I'm using a batch file to format a text file so that I can append it to an already populated .csv file automatically each hour. My problem is, the text file's intended formatting isn't showing up in Notepad. It opens as a single line with 43 tokens. I only need tokens 30 - 43. Since I can not skip lines and I'm over the token limit, what are my options?
-
Your best option is to not use batch. There are many better choices, Powershell? Python? – abelenky Mar 02 '17 at 02:27
-
batch is not suitable for complex processing. A hybrid solution or powershell would be much better – phuclv Mar 02 '17 at 03:18
-
Please mark dbenham's answer as the answer for your question. – Squashman Mar 13 '17 at 01:47
1 Answers
You don't state what your token delimiter is, or whether any of your values contain quoted delimiters, or whether any tokens are empty (consecutive delimiters with nothing between them).
Pure batch solution
I will assume that your input is comma delimited. It is trivial to change the delimiter used by FOR /F
.
I will also assume no values contain comma literals, and there are no consecutive commas. A simple FOR /F
cannot handle either situation. Both could be solved with batch, (assuming the line is < 8kb), but it is a bit painful. If you have these issues, then I think you are better off with some other language than batch.
A single FOR /F
command cannot parse more than 31 tokens. For more info, see
- https://stackoverflow.com/a/8520993/1012053
- Number of tokens limit in a FOR command in a Windows batch script
But you don't need to parse any tokens past 29 :-)
You can simply use FOR /F
with "delims=29*"
, and the *
"token" will contain tokens 30-43.
for /f "usebackq tokens=29* delims=," %%A in ("yourInputFile.ext") do (echo(%%B) >>yourOutput.csv
If your input delimiter is something other than a comma, then you can store tokens 30-43 in a variable, and then use find/replace to substitute commas for the pipes.

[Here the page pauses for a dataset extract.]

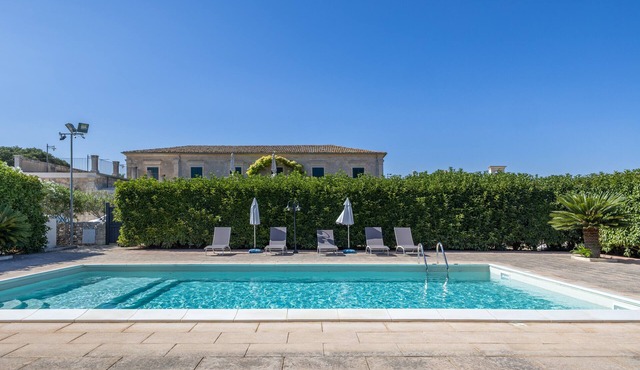 Villa 'Aguglie - Suite Bouganville' with Shared Pool, Wi-Fi and Air Conditioning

For example, if your input parameter is a pipe, then
@echo off
setlocal
for /f "usebackq tokens=29* delims=|" %%A in ("yourInputFile.ext") do set "line=%%B"
setlocal enableDelayedExpansion
if defined line set "line=!line:|=,!"
(echo(!line!) >>yourOutput.csv
I did not put the manipulation and write operations within the loop because you state your input has only one line.
I do not enable delayed expansion until after the loop completes just in case your input contains !
literals. Expansion of FOR /F
variables will corrupt !
values if delayed expansion is enabled.
Robust JREPL.BAT solution (hybrid batch/JScript)
If your input violates any of the restrictions that I laid out in the pure batch solution, then you could use JREPL.BAT - A regular expression command line text processing utility. JREPL.BAT is pure script (hybrid batch/JScript) that runs natively on any Windows machine from XP onward - no 3rd party exe file required.
Since you did not specify your input format, I will assume it is CSV. The following solution will simply remove the first 29 tokens. It supports empty tokens, as well as quoted tokens with comma literals.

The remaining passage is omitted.